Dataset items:
· · · · · · ·

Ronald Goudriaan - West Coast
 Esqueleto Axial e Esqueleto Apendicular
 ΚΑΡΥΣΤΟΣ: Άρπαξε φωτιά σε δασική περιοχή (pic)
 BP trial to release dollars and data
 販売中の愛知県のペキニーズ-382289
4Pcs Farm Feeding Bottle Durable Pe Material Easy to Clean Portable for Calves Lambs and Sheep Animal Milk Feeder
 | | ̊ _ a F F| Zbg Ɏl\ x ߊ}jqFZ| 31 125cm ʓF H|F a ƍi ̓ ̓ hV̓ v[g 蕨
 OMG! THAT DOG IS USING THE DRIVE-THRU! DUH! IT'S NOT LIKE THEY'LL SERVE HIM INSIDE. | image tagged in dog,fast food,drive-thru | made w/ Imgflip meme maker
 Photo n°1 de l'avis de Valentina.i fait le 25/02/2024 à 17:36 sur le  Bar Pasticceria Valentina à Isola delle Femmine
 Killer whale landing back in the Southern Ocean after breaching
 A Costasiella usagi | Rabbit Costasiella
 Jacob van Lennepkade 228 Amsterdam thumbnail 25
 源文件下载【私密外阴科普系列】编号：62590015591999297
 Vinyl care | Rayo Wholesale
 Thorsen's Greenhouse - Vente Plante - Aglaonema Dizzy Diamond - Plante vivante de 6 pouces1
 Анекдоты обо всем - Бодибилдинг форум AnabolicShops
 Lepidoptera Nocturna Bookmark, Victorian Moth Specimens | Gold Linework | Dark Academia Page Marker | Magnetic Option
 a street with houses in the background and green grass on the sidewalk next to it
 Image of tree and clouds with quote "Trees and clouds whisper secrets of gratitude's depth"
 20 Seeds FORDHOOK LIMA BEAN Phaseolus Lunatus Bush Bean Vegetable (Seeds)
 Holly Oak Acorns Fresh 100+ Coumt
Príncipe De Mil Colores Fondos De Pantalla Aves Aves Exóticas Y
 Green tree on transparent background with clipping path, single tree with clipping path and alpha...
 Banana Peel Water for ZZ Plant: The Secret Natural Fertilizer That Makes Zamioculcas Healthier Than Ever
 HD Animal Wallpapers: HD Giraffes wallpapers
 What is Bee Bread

· · · · · · ·

→ TASK TO CARRY OUT:
Give back exactly the lines from the first line of the records through the line holding "4Pcs Farm Feeding", including both of those lines and leaving out all others.

→ EXERCISE ANSWER:
Ronald Goudriaan - West Coast
 Esqueleto Axial e Esqueleto Apendicular
 ΚΑΡΥΣΤΟΣ: Άρπαξε φωτιά σε δασική περιοχή (pic)
 BP trial to release dollars and data
 販売中の愛知県のペキニーズ-382289
4Pcs Farm Feeding Bottle Durable Pe Material Easy to Clean Portable for Calves Lambs and Sheep Animal Milk Feeder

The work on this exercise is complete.